Is Facebook still important?
Yes, in the world of social media it’s still THE most important platform for you to be to promote your business. That’s where the eyeballs are – it’s still the biggest and most used channel. We’ll just all have to get used to a smaller, more niche audience – but that is the same for a large company as it is for a smaller one. A bigger organisation is actually going to feel the pain of reduced engagement and exposure more acutely than us minnows.
Cost effective advertising
Facebook is currently still an incredibly inexpensive way to advertise to reach your audience, so don’t be too put off by scary headlines about the algorithm.
Boosting well-performing posts is a good start for beginners and I wrote a post on how to do this well here.

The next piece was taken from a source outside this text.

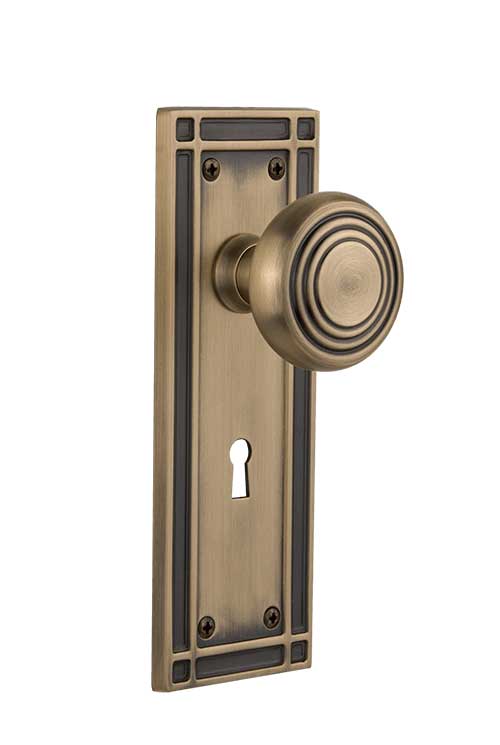 Nostalgic Warehouse Deco Knob with Mission Plate - Antique Brass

With a bit more confidence you can also progress to full blown ad campaigns. By choosing your niche well and experimenting with some ad creatives and copy (the images and text) then you can see really impressive results for not much money. This is especially true if you focus on warm audiences that already know you because they have previously interacted with your website or page. I cover how to do this in a really easy way in my 15 Minutes to Facebook Fabulous course – Facebook marketing for really busy small business owners.
Keep Calm and Carry On
In the long run this change I think will make for a better platform for us all, and therefore a more useful one to be on as a business. A less crowded, but more valuable feed is good for us all so I see no reason to panic. Just define your strategy, think of your audience and get on with it.
It’s also important to remember that Facebook is not the only way you should be marketing yourself. Social media should be ONE part of your marketing strategy to reach your audience. But it is still a great one for building relationships, we just need to adapt a little every now and then to feel the benefit.